### Work instructions
Across the entries that follow, count each line holding "horario" and state the total alone.

[Short web captions]
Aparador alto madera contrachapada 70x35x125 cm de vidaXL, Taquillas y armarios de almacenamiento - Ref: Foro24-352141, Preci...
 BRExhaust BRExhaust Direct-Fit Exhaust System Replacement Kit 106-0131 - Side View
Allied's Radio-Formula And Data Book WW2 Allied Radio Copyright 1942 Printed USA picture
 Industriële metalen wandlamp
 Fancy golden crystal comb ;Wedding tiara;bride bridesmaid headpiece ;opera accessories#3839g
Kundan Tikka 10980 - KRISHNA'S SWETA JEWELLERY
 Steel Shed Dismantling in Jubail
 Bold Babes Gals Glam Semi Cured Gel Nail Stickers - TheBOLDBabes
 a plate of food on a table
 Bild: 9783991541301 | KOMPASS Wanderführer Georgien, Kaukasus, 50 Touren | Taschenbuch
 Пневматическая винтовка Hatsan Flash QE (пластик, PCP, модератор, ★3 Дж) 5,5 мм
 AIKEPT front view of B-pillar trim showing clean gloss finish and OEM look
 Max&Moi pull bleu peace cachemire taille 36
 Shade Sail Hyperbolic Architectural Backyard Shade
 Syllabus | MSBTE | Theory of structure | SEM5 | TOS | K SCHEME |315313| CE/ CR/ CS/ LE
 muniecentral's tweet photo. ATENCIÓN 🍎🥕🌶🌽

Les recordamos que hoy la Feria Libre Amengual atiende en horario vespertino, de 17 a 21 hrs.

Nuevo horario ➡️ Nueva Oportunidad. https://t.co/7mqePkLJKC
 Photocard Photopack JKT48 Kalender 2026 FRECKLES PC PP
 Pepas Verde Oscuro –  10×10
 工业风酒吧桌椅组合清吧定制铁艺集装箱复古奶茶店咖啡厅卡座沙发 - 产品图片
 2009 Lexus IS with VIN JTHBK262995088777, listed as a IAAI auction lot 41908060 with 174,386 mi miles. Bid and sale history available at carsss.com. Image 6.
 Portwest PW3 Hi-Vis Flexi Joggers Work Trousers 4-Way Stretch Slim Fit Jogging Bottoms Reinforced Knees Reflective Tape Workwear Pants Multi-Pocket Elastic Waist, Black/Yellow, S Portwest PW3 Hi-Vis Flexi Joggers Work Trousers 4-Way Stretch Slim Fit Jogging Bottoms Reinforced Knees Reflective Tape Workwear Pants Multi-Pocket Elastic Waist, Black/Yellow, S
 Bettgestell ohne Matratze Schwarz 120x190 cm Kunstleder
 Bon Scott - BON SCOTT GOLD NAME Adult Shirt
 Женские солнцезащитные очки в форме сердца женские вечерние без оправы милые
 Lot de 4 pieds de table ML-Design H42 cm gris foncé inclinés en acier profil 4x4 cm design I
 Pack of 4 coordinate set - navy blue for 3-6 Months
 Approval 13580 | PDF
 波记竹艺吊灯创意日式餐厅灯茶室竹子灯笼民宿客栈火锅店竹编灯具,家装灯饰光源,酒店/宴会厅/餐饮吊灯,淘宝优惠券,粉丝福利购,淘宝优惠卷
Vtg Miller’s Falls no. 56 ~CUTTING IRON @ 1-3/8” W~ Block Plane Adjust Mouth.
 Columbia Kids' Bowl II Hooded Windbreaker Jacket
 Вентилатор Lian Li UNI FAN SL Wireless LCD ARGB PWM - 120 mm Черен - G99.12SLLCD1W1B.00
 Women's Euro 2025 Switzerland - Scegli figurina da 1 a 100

### Task solution
2